Dans le cadre de l’enquête diligentée par la caisse primaire d’assurance maladie, l’employeur a décrit le poste de travail de son salarié avant le 9 août 2022, soit la date de première constatation médicale, comme suit :
« Accueillir, traiter et accompagner les clients lors des sollicitations informatiques (demandes ou incidents) Assurer l’assistance, le traitement, la résolution ou le déclenchement des actions de support correspondantes Suivre les dossiers clients depuis l’ouverture jusqu’à la résolution et la clôture (traçabilité de toutes les actions et analyses des interventions) Organiser et/ou participer activement aux ateliers techniques Reproduire dans la mesure du possible les incidents du client sur environnement de test interne et tester les solutions sur ce même environnement avant de l’appliquer sur l’infrastructure du client (intégration, amélioration et/ou résolution) Analyser les incidents complexes qui ne seraient référencés et utiliser les différentes bases de connaissances des partenaires (fournisseurs de cloud ou éditeurs) pour résoudre et enrichir le corpus documentaire interne Rédiger et mettre à jour les articles du corpus documentaire (Articles inexistants, partiellement ou totalement non fonctionnels) (Garantir la mise à jour et l’environnement des clients Organiser des sessions de validation internes sur les procédures en attente de validation avec les parties prenantes (DASO, gouvernance, expert technique etc…) Assurer le transfert et le partage de la connaissance au sein de l’équipe ".

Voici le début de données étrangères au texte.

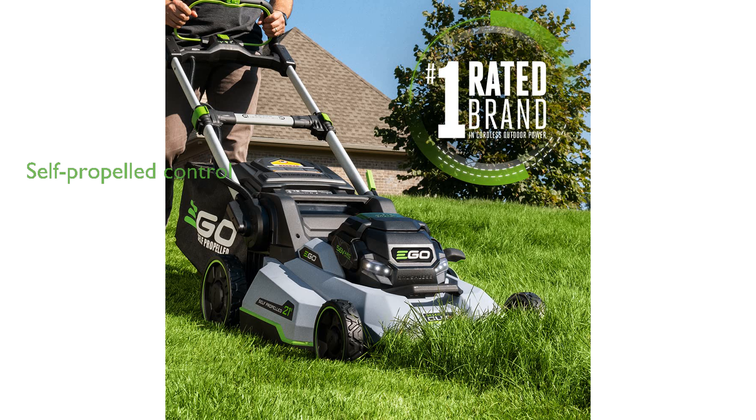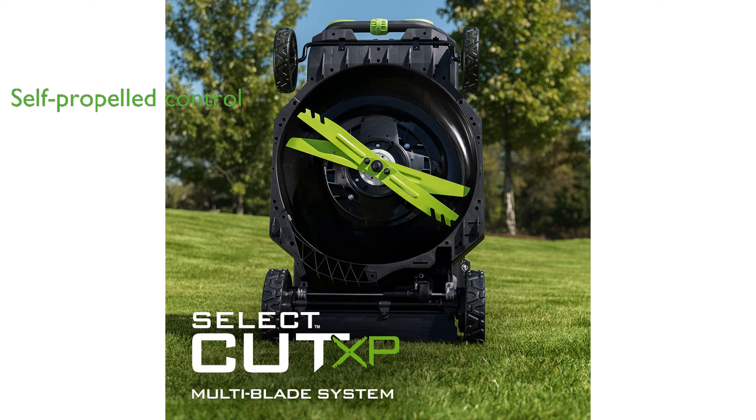The TouchDrive self-propelled technology provides complete control at your fingertips, making mowing a breeze with adjustable speed settings.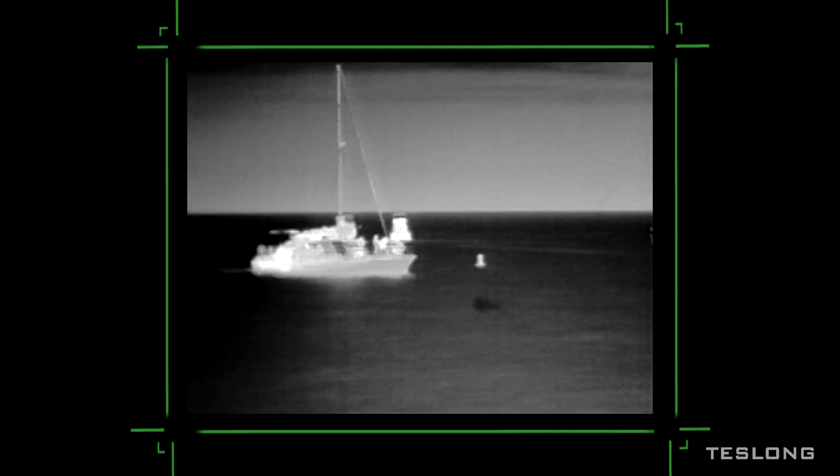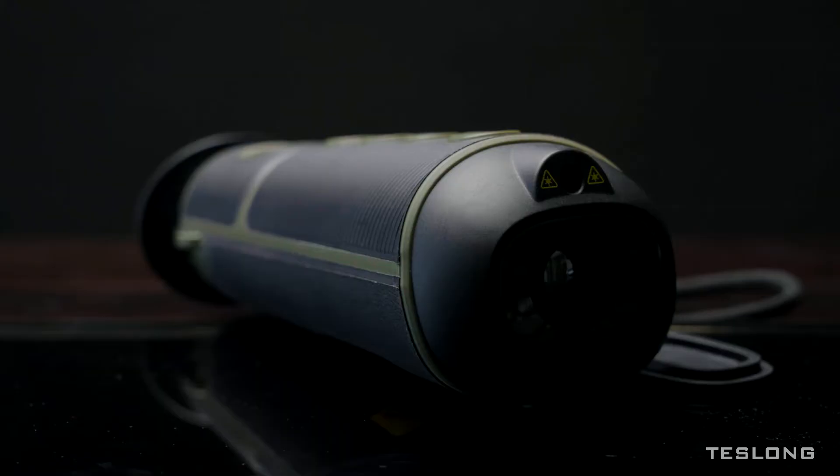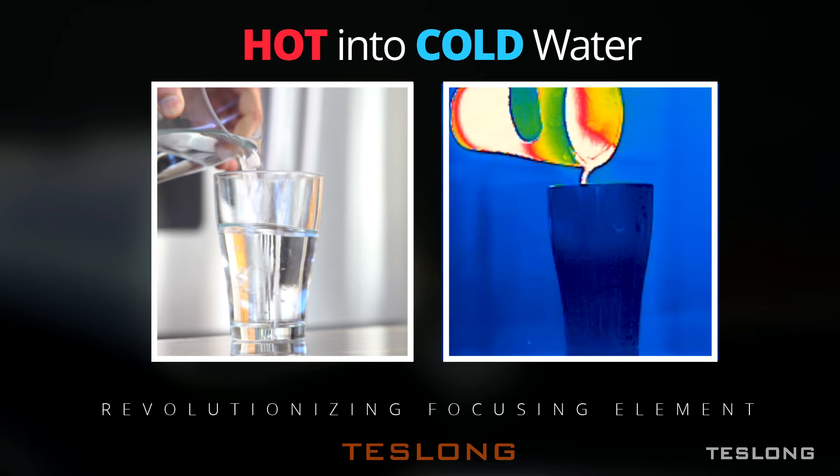And it's perfect for finding people on the water. With a resolution of 256 by 192 pixels, it utilizes over 49,000 points of temperature detection with a revolutionizing focusing element to see hot or cold.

L’employeur précise dans son questionnaire que " L’entreprise n’a pas connu de fusion, ni de réorganisation. L’Entreprise a été créé en 2017 avec 30 premiers salariés (CDI) dont M. [D] et a connu une forte croissance pour atteindre 250 salariés (CDI) en 2022. Pour autant, l’Entreprise n’a pas connu de fluctuation ou de charge de travail modifiées. Depuis la création, les équipes constituées de 5 à 15 collaborateurs sont encadrées par un superviseur. L’emploi et les tâches de M. [D], l’organisation ainsi que les conditions et les processus de travail n’ont pas été modifiés ".
Sur les priorités de travail, l’employeur indique que :
« Les salariés ont accès individuellement et collectivement aux indicateurs du client pour lesquels ils opèrent (nombre de demandes traitées, nombre de demandes à traiter, nombre de demande qui nécessite un rappel). Les priorités de travail sont fixées et révisées par le superviseur en réunion d’équipe (2 par semaine), le cas échéant par mail pour des consignes particulières. Des entretiens individuels sont organisés entre le superviseur et chaque collaborateur pour faire un état d’avancement et un point des éventuelles difficultés rencontrées, des plans d’accompagnement ou de formation peuvent être mis en place ».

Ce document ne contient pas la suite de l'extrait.